Im persönlichen Umgang ist ein Nicht-Entschuldigen eine absolute Hemmschwelle für ein gutes Miteinander.

Gabriele Cerwinka

Wie kann ich mich aufrichtig entschuldigen? Gibt es etwas, das man beachten kann?
Für mich ist es wichtig, dass ich mich entscheide, wie ich mich entschuldige. Das kann unter vier Augen oder in einer Teambesprechung geschehen. Dann ist es wichtig, das Gespräch bewusst zu suchen und das Ganze nicht zwischen Tür und Angel abzuwickeln. Auch die Formulierung spielt eine Rolle: Ich entschuldige mich für mein Verhalten und nicht insgesamt beim Gegenüber. Man sollte sich im Vorfeld auf das Gespräch vorbereiten: Wie kann ich in das Gespräch einsteigen? Wie kann ich mein Anliegen formulieren? Außerdem gilt es sich inhaltlich vorzubereiten: Für welches Fehlverhalten entschuldige ich mich? Ein Entschuldigungsgespräch besteht immer aus den eigenen Emotionen und dem klassischen Grund, für den ich mich entschuldige.

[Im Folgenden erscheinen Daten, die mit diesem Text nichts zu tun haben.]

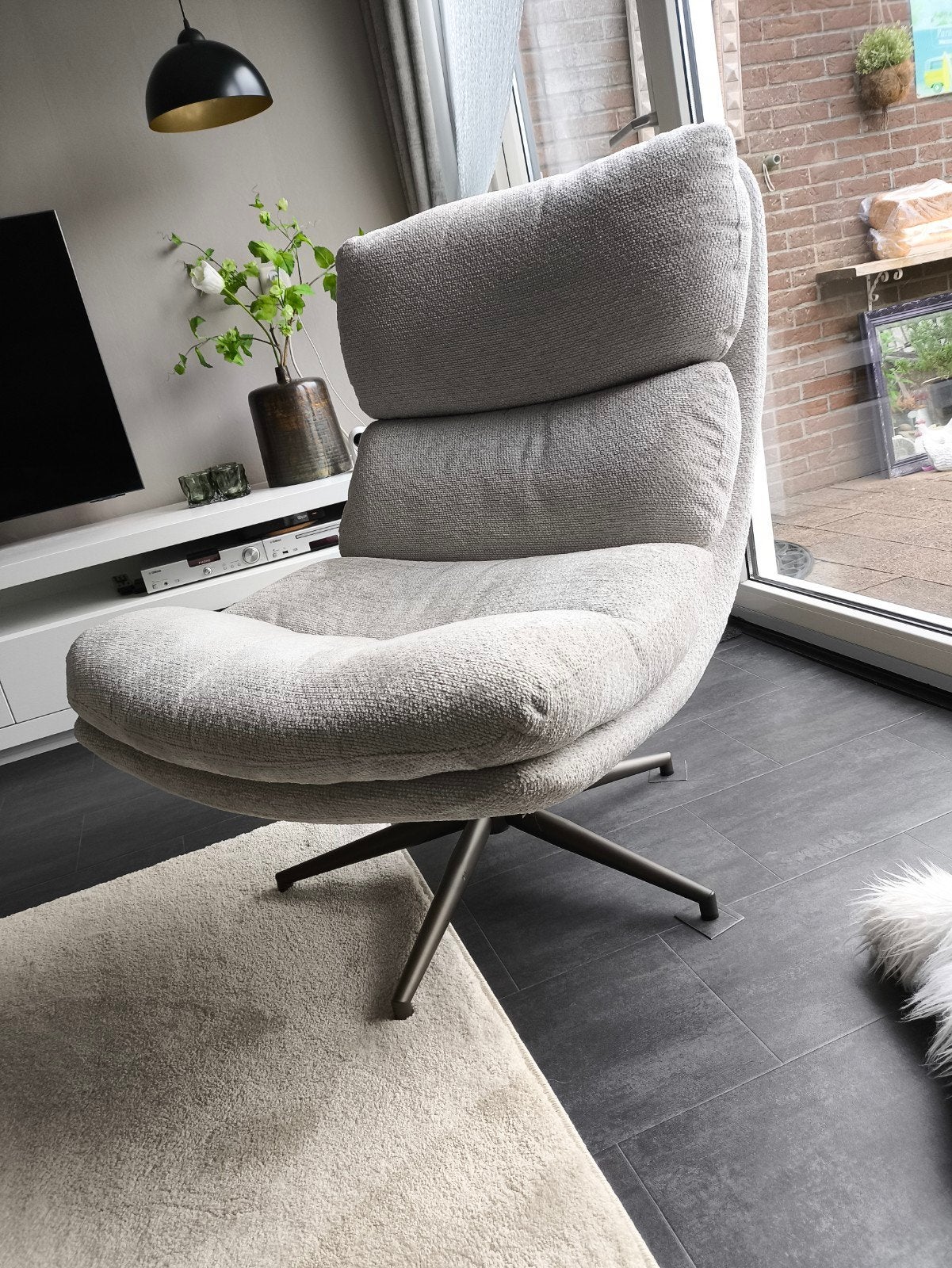 Draaifauteuil zgan model Ledger, Ophalen, Alle, 75 tot 100 cm, Zo goed als nieuw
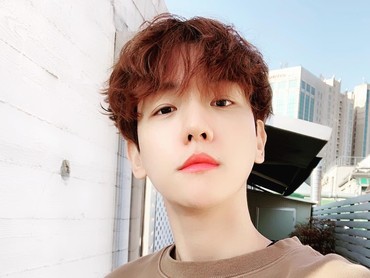 img-title Jelang Selesai Wamil, Baekhyun EXO Beri Pesan Manis untuk Fans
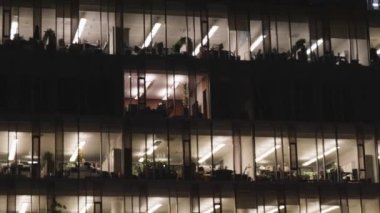 Bir ofis inşaatının pencereleri geceleri finans sektörü işkolik iş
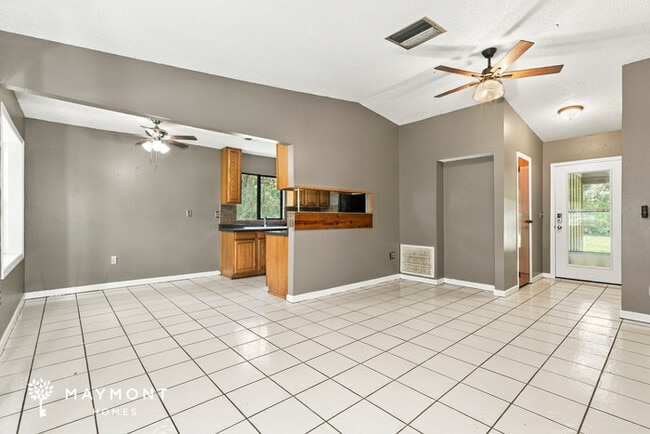 34317 Shaffer Dr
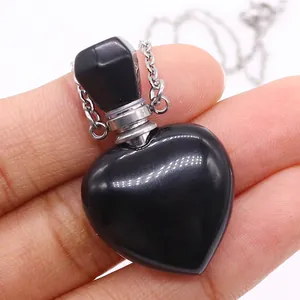 Ciondolo a cuore nero lucido per oli essenziali con catenina sottile in argento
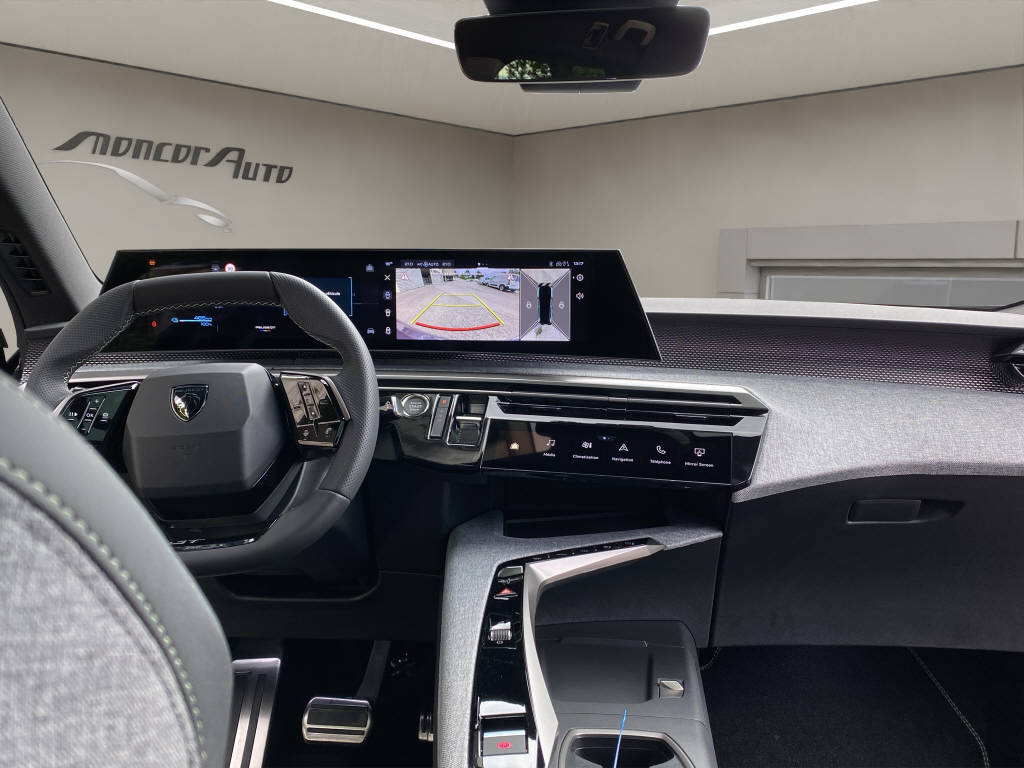 PEUGEOT 5008 Electrique 325ch AWD Launch Edition-image-7
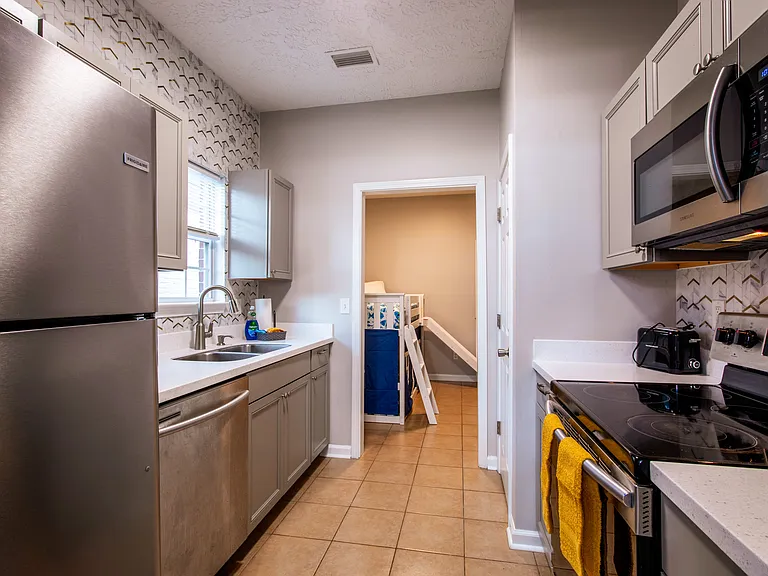 Fully Stocked Kitchen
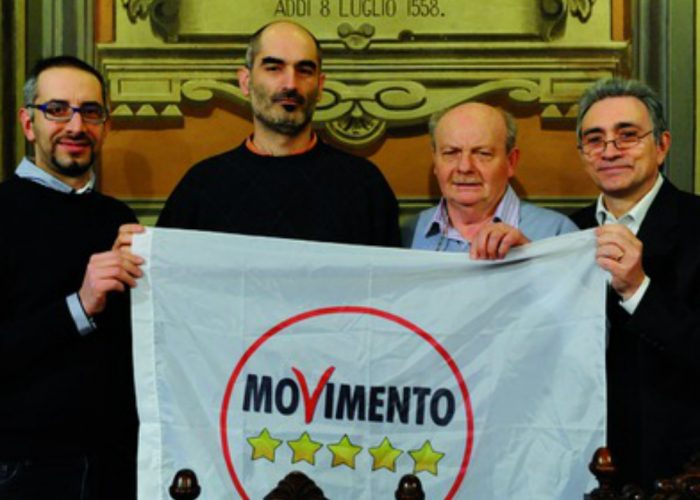 Il M5S chiede alla rete di sceglierei due candidati al Consiglio regionale
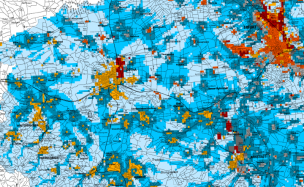 Ausschnitt aus der Klimabewertung für die Regionalplanung Thüringen. In Siedlungsgebieten ist rotes Überwärmungspotenzial zu erkennen, im Umland hell- und dunkelblaues Kaltluftentstehungspotenzial.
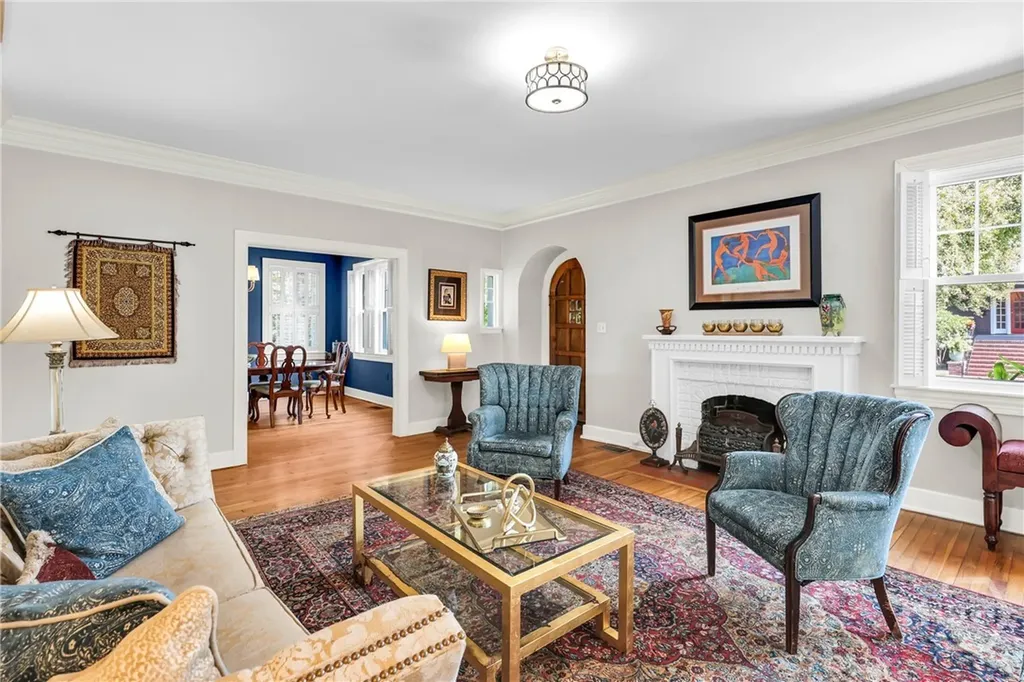 201 E 53rd Street Savannah GA 31405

Was passiert, wenn ich mich nicht entschuldige? Kann das psychische Auswirkungen haben?
Absolut. Wir schleppen das mit uns herum. Es hemmt uns und blockiert die Kommunikation und das Zusammenleben. Auch wenn es sich um einen Kunden handelt und ich mich nicht entschuldige, kann es sein, dass ich in meinem ganzen Verhalten im Berufskontext nicht professionell wirke, weil es im Unbewussten immer wieder nachwirkt. Im persönlichen Umgang ist ein Nicht-Entschuldigen eine absolute Hemmschwelle für ein gutes Miteinander. Vielleicht erwartet der andere auch, dass man nochmal drüber redet und das Ganze aus der Welt schafft. So gesehen habe ich eine große Verantwortung dafür, zu entscheiden, wo und wie ich mich entschuldige und wann.